PK: Among the party membership, sympathy has decisively swung from Israel to the Palestinians, but part of the New Labour project was to reverse this trend. Tony Blair and Gordon Brown whittled down the membership’s influence over deciding policies and were also active in rebuilding the Labour Friends of Israel, which by the mid-1980s had become practically defunct. They believed that good relations with the leadership of the Jewish community would help their broader ambition of improving their standing in the City and the wider business world. Their other reason was that they saw support for Israel as necessary to signal New Labour’s desire to be close allies with the US. This seemed at first to be merely froth for electoral purposes, and the real thrust of New Labour’s foreign policy was claimed to reside in Robin Cooke’s “ethical” foreign policy. But it proved to be the reverse. The much-touted “ethical” dimension was the froth, and the Blair government backed US foreign policy to the hilt.

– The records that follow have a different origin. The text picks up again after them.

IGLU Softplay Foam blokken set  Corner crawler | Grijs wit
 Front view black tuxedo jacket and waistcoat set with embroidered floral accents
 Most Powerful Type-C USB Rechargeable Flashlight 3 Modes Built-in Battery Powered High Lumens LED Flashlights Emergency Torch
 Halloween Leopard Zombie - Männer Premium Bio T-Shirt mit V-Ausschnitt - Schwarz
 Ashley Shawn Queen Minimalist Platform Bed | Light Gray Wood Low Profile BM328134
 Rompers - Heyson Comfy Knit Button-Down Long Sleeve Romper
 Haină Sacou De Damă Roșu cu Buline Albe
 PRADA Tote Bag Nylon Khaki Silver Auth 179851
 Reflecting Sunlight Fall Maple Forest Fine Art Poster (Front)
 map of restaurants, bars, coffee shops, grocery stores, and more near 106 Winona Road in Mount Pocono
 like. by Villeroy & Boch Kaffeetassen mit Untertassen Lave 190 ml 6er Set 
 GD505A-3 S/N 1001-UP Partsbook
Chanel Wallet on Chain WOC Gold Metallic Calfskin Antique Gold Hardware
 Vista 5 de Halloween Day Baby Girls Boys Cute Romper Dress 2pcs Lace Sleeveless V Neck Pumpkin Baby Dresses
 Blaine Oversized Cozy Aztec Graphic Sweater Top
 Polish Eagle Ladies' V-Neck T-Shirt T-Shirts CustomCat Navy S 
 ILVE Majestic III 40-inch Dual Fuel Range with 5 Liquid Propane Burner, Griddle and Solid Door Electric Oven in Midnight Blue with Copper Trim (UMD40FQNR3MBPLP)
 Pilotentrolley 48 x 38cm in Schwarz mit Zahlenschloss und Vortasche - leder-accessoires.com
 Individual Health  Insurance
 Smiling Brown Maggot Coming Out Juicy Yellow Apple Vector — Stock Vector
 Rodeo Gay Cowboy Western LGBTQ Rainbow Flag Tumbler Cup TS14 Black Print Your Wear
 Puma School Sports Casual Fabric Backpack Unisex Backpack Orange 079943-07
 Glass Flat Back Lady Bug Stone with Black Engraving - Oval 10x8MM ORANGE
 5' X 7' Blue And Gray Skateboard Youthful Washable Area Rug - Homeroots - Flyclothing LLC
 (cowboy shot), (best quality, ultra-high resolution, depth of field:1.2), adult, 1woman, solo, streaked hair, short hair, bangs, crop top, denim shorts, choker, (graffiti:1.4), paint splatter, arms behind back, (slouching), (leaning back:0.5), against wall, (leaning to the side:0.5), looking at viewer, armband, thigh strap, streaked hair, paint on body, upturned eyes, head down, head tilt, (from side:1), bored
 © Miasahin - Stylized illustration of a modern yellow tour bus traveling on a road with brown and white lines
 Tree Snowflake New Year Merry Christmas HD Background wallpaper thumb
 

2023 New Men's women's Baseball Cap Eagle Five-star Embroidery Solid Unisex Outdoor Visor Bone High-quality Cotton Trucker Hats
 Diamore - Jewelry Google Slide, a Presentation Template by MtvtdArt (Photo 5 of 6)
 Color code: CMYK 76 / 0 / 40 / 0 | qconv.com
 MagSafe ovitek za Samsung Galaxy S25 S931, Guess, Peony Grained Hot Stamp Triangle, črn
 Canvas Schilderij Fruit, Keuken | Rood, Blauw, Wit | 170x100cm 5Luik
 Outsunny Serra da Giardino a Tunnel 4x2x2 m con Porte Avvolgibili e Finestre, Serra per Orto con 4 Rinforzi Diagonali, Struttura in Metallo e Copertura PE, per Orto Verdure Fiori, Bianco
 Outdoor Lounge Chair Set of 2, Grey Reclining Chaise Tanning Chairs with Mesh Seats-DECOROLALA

A Miliband government will also seek to please the US. What could, however, decisively change British and EU Middle East policy, irrespective of which parties are in power, is strong public pressure for imposing sanctions on Israel. The BDS campaign is important. It is building popular support for sanctions without which Israel will not change and more wars will follow.
Excerpts from The British Left and Zionism
Despite the fact that Hope Simpson’s report had made reference to the Histadrut’s sectarian conduct, the issue was rarely raised in Britain. The picketers achieved a certain amount of international attention, however, in 1934, when their action directed against orange groves north of Jaffa led to violent clashes with Palestinian workers. The Jewish Chronicle reported: “The entire Jewish population in the neighborhood of Kfar Saba has voluntarily mobilized for the purpose of picketing Jewish orange groves in Kfar Saba in which Arab labor is employed…The employers argue that they were compelled to use Arab labor because of the shortage of Jewish workers.” By one of the bitter ironies of which the history of the Palestine conflict is replete, this coincided with the Nazi initiatives in Germany to boycott Jewish businesses and to exclude Jews from public places. In Bavaria “the local branch of the Union of German clothing manufacturers has refused to accept any business offers from ‘non-Aryan’ agents or factory owners unless they were wounded in the war…Jews hardly dare to enter any public place, even a restaurant or café. The last remaining garden restaurant that has been open to Jews has now been closed to them. Jews are not admitted to the swimming baths.”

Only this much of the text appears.